The key thing to remember is that regional purchase coefficients (RPCs) represent local use of local supply relative to local demand. A state may have a higher total supply of a given commodity, but it will also have higher total demand for that commodity. If the production of a commodity is concentrated in one or a few counties, then these counties will likely have higher RPCs than the state as a whole.
Typically larger Indirect and Induced impacts in a smaller subset region are the result of areas of high production surrounded by more rural regions. This creates a situation where we see only a small bump in production between the smaller geography and the larger one, but a significant increase in demand. This change can be economy-wide, or it could be related to a specific commodity as a result of regional specialization or clustering. In these areas, the supply relative to demand is much higher in the smaller region than in the larger region (i.e., the RPCs for what is regionally available in the smaller region exceeds that of the larger region). Therefore, the larger geography sees a much larger increase in demand for the products produced in the smaller geography but does not substantially increase the supply available to meet that demand.

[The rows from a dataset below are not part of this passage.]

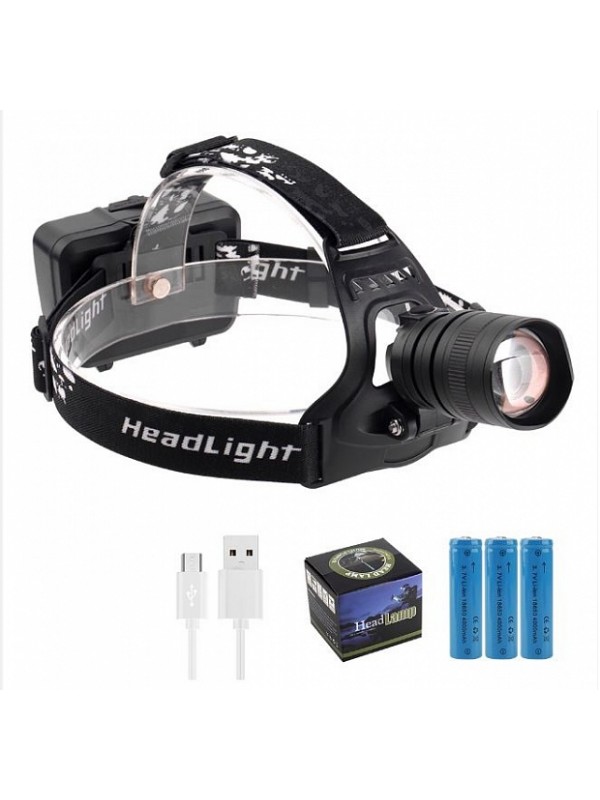 T0378 Фонарь налобный HL-T907-P50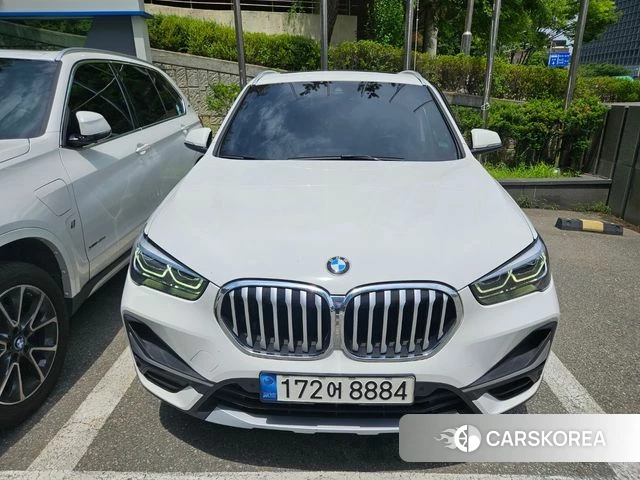 BMW X1 (F48) 2021 Белый из Кореи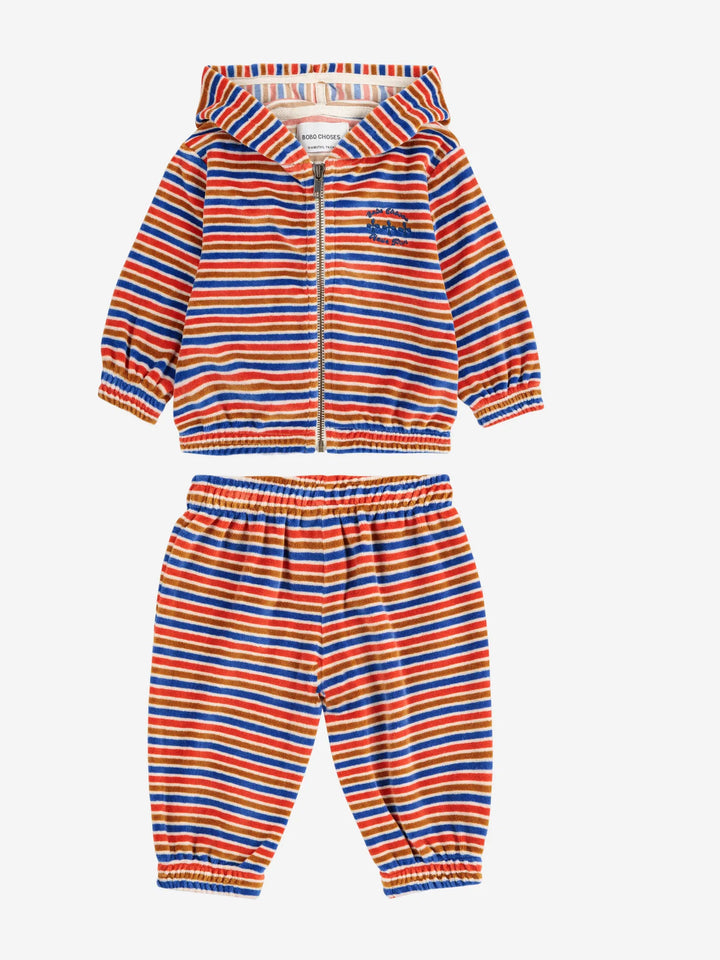 Have Fun striped hoodie look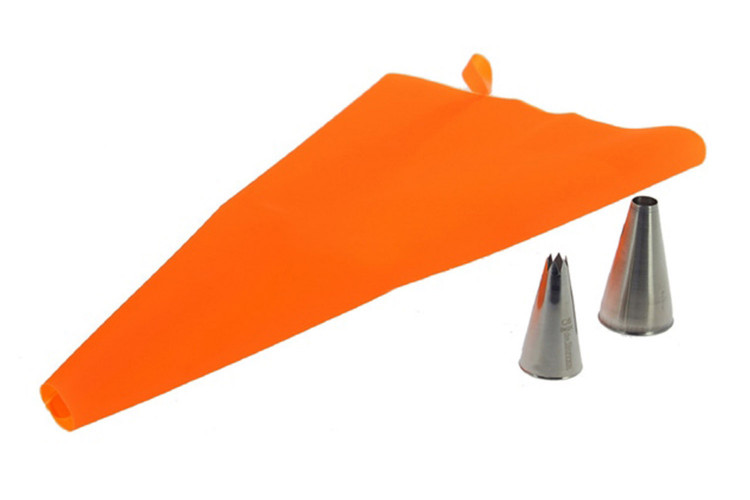Set poche &agrave; douille 35cm r&eacute;utilisable De Buyer + 2 douilles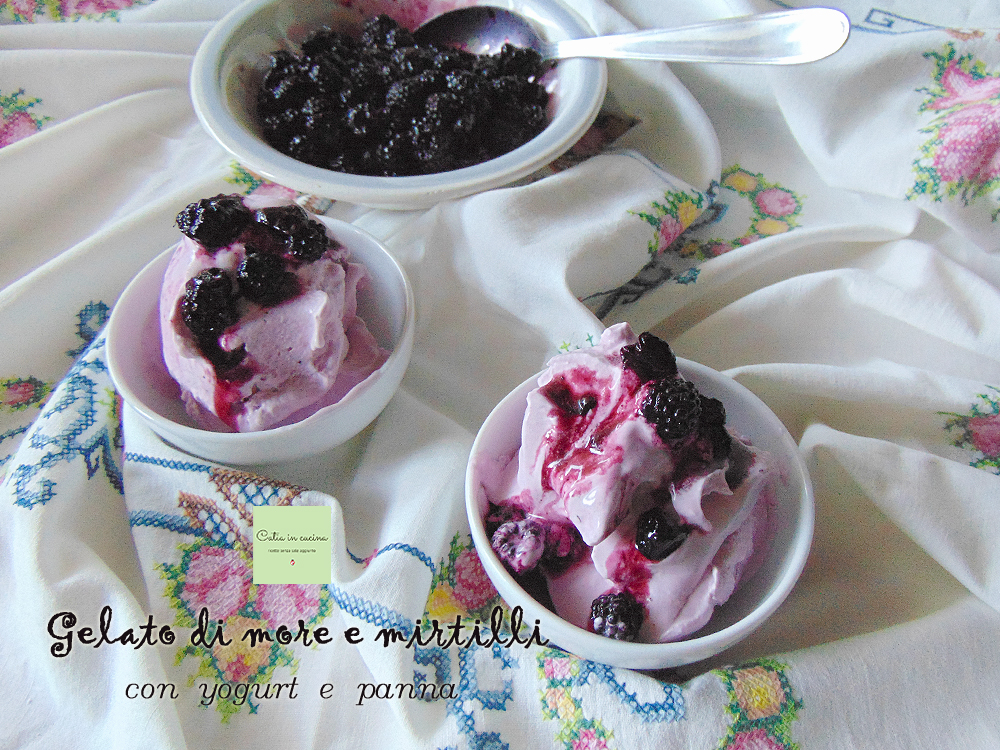 glace aux mûres et myrtilles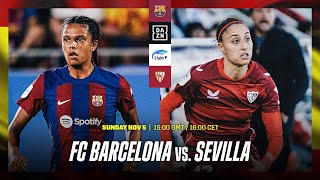 Barcelona vs Sevilla  Liga F 202324 Matchday 7 Full Match [upl. by Kegan]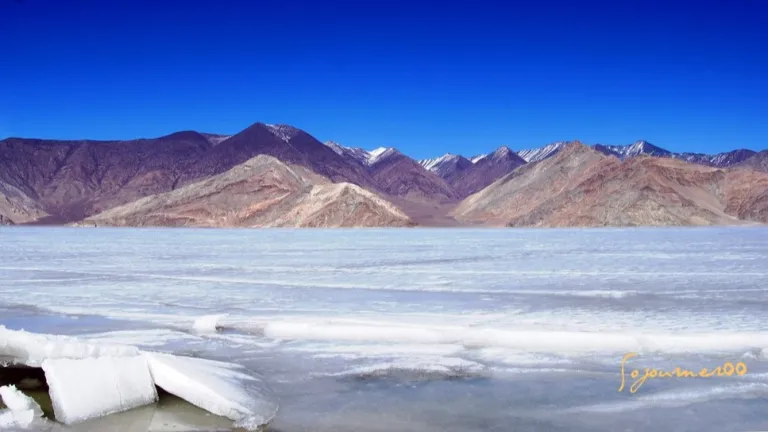 Frozen Pangong Lake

Wyoming is a classic example of this type of activity because there are few regions of supply and a vast state of demand.

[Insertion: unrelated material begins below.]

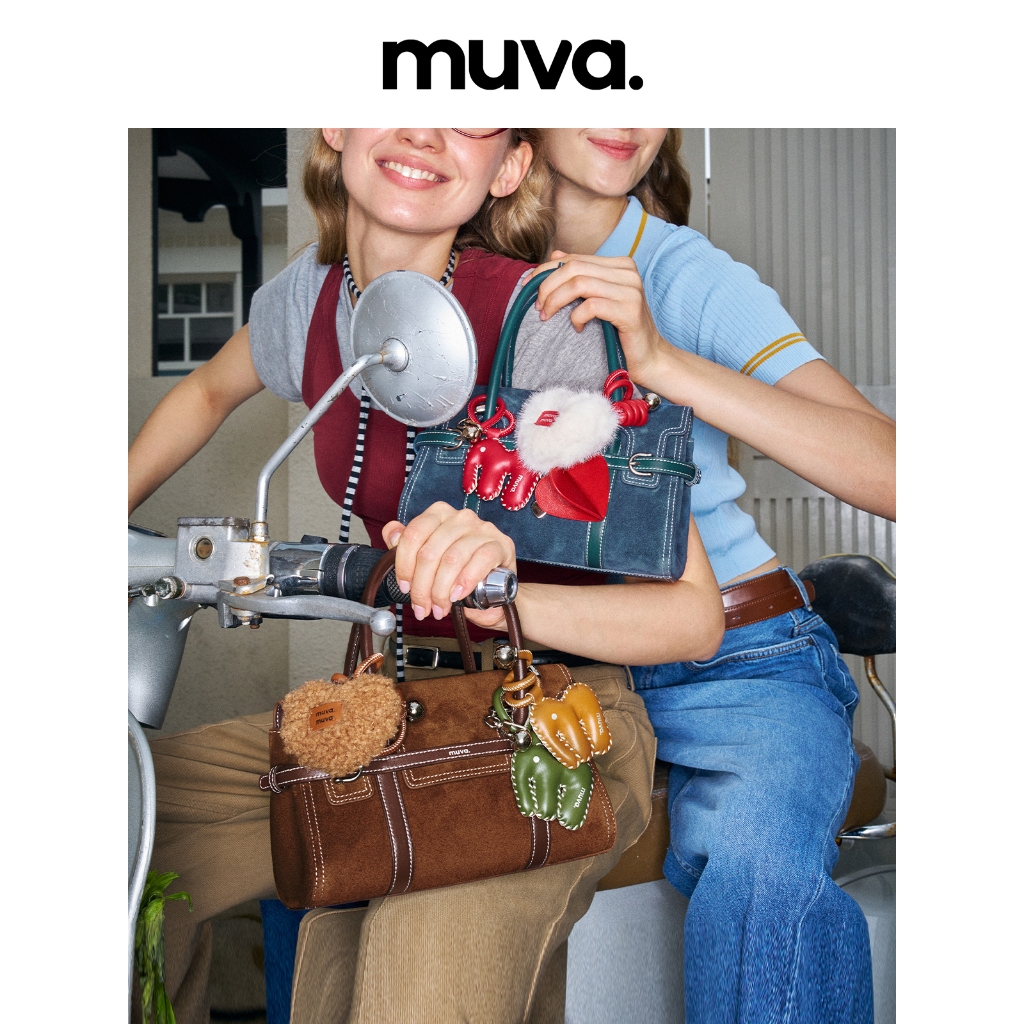 Muva Companion Series Guoguo Bag Cow Suede HandbagMagnetic Closure ...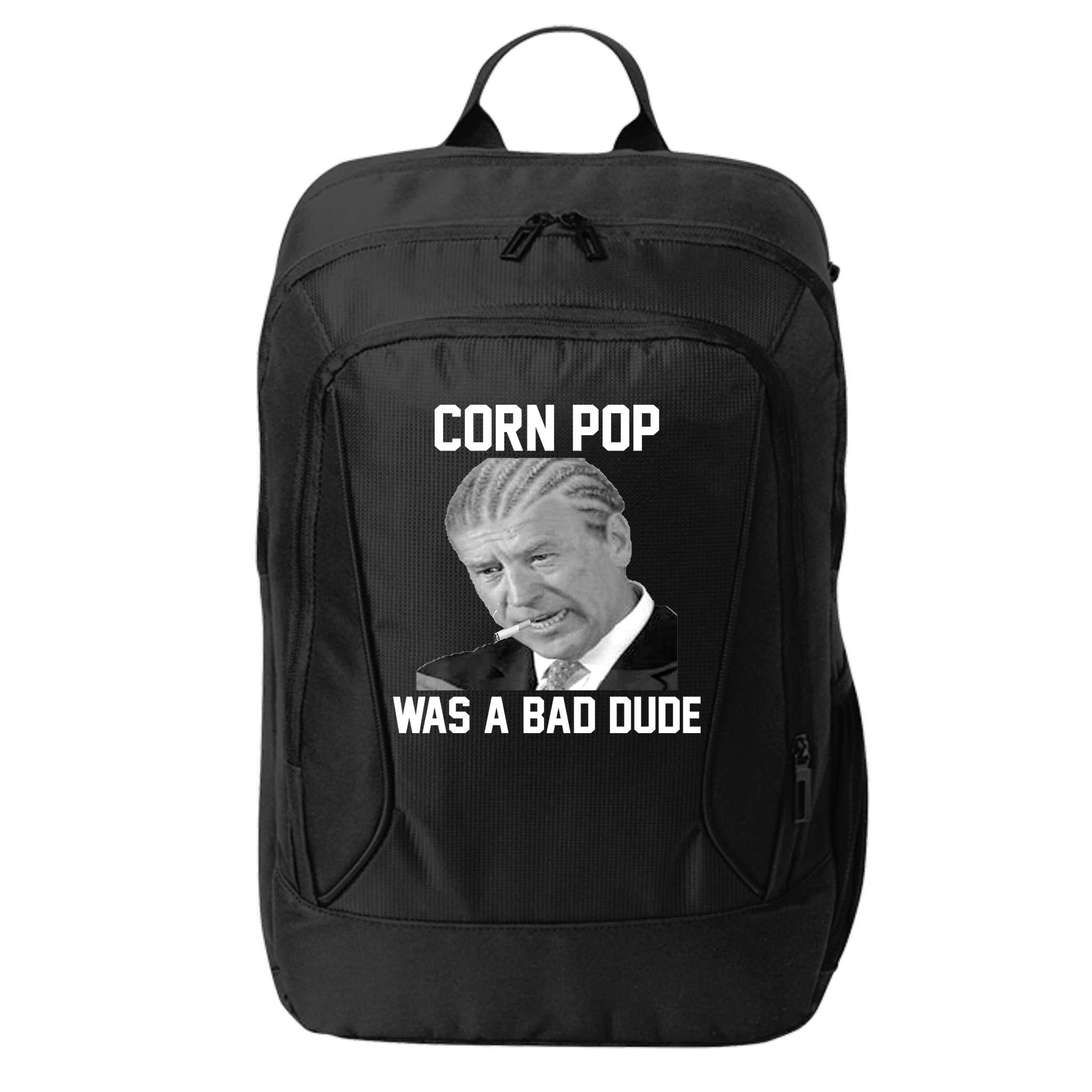 Corn Pop Was A Bad Dude Joe Biden Parody City Backpack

These same principles can apply in regards to labor income and value-added because the regions of greater production often pay higher wages per worker and may pay higher taxes or be subject to additional taxes (such as city taxes not collected in other counties in the state). Since value-added = labor income + other property income + taxes on production and imports net of subsidies, if labor income and/or taxes and/or profits are higher in the core region, "upside-down" effects, where the results are higher in the smaller region (county) than in the larger region (state), may be generated.
Likewise, using employment to set up the impact of an industry can result in highly variant impacts at the state vs. county level if output per worker ratios vary significantly between counties in the state. Production areas with a greater output per worker than the larger surrounding area may reflect a larger impact than the aggregated region as a whole.
Before IMPLAN had multi-regional input-output (MRIO) capability, analysts were forced to:
- choose the small region where the actual direct impact occurs but lose much of the indirect and induced impact to leakage, or
- choose a larger region to capture those leaked impacts, but now the impact location is less precisely defined.
This is no longer necessary with the ability to use MRIO. Now the smaller region can be chosen for the Direct impact while still affording analysts the ability to see the impact on the neighboring regions (and those regions' feedback effects back on the smaller region). MRIO also allows for each region to keep its unique identity and for you to be able to see how the impacts in the core sub-region and the larger aggregate region occur.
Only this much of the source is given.